Aug 212011
 
Authors:

For those preparing to graduate in the next semester or two, well, I would love to tell you how great things will be. But the federal executive’s claims of an economic recovery are approaching the three-year point and things are significantly worse.

Do not be fooled by the rhetoric of the left and right blaming each other for the current economic disaster, shadow games and misdirection. They did this to us together and at the behest of the banks and corporations who contributed directly to their campaigns.

As the economic depression worsens — with true unemployment presently estimated between 16.5 and 22 percent, contrary to the federal claims of 9 percent who meet the federal definition of only those collecting unemployment benefits and searching for a full-time job —  jobs become more scarce and pay decreases as the job-seeking work force saturates the market.

America is one strange, but interesting place to attempt to build a stable future as a young person.
For those of you majoring or graduating with a degree in liberal arts — I’m among you —consider attending a trade school as your first act after graduation.

Your political science, journalism or sociology degree may well serve useless if the depression gets much worse, but people will always need someone when the toilet backs up — consider it a worthwhile investment.

Although it really can’t be regarded as a new trend, the mainstream media’s utter subservience to both government and corporate interests reaches new lows with every passing day.
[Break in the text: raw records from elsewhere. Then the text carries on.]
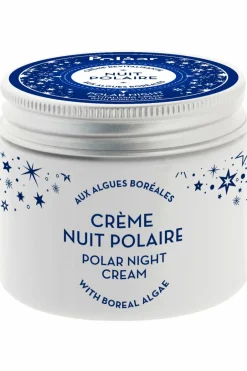 Clearance Polaar Crème Revitalisante Nuit Polaire aux Algues Boréales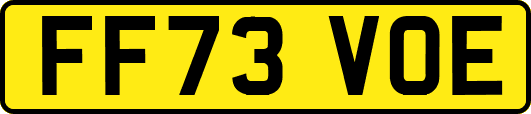 FF73VOE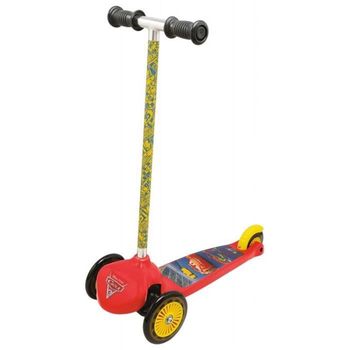 Patinete Para Niños 5 Años Patinete Acrobático Aluminio Ruedas 10 Cm Cb  Riders con Ofertas en Carrefour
While the mainstream media reports 9-percent unemployment and ignores the truth behind the economic downturn, “The Onion” writes a satirical article about Federal Reserve Chairman Ben Bernanke drunkenly spouting off claims in a Nebraska bar. There’s only one problem — the claims he fictionally spouted off were factually accurate.
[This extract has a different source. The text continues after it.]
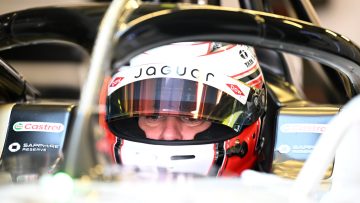 Formula E handed 'constructive criticism' over questionable Miami layout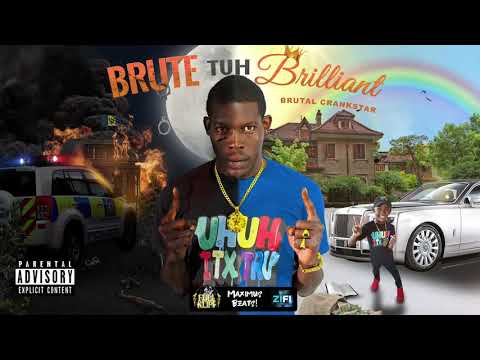 Brutal Crankstar - First Degree ft. Leadpipe & Saddis (Explicit)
Over the course of the next several months, you will notice I’m a consistent and passionate supporter of Texas Congressman and Republican presidential candidate Ron Paul.

During the 2008 election campaign, as the rest of the corporate shill candidates vomited forth with voluminous lies about the strength of the U.S. economy, the importance of an interventionist foreign policy and by all accounts how the bailouts were necessary for the good of the nation, Paul identified with remarkable alacrity and accuracy the economic collapse had already begun.

He was right, and they were wrong. What’s becoming interesting about all of the aforementioned goings-on is how important it has become to question authority.

While the current batch of career-politicians and corporate hacks prattle on, disgorging talking points for the acquiescent media to a society grown exceedingly docile, keep this in mind: when they were your age, they questioned the authority of a federal government sending thousands of Americans their age to die like cattle for the so-called containment of communism.

Those who fail to learn from history are bound to repeat it, but the problem is, it wasn’t the people who learned — it was the politicians.

During Vietnam, field reporters would send stories for the evening news, newspaper or magazine depicting an ugly war of attrition. By the time their stories ran, the editors in D.C. would have spun in the views of the state department there.

The conflicting stories and eventual photographic evidence to support the frontline reporters’ stories eventually turned the political tides against LBJ, who then chose not to run for a second full term as president when support within his own Democratic Party disintegrated.

Yet the peers to this batch of parasites calling themselves politicians, our parents, supported the nonsensical kowtowing of the media to government. Instead of questioning politicians who claim Americans pay lower taxes than most European nations, the voters simply tune the channel to a media outlet they agree with and go on about their day.

The current president, whom I refer to as Chairman Zero, has a multitude of one-liners he hasn’t meant in the slightest. Among my favorites, and I’m paraphrasing, credited the Tea Party in 2010 for displaying the same “healthy skepticism of government” that led to the American Revolution.

Well, not to act as a contrarian, but when I look back on the American Revolution, the Declaration of Independence and the Constitution, I do not see a group of men with a healthy skepticism of government. I see a group who recognized the inevitability of intrusion of government upon the people.

They weren’t skeptical of government — they loathed it. This is why they wrote a Constitution to serve as a strict limit on the federal government rather than a “living, breathing document” as so many progressives and statists claim.

Embrace the opportunity that is your college career, Rams, and question all authority. Do not believe the media is here to do anything but separate you from your money and know government will doubtlessly do the same if ever you find gainful employment as an adult.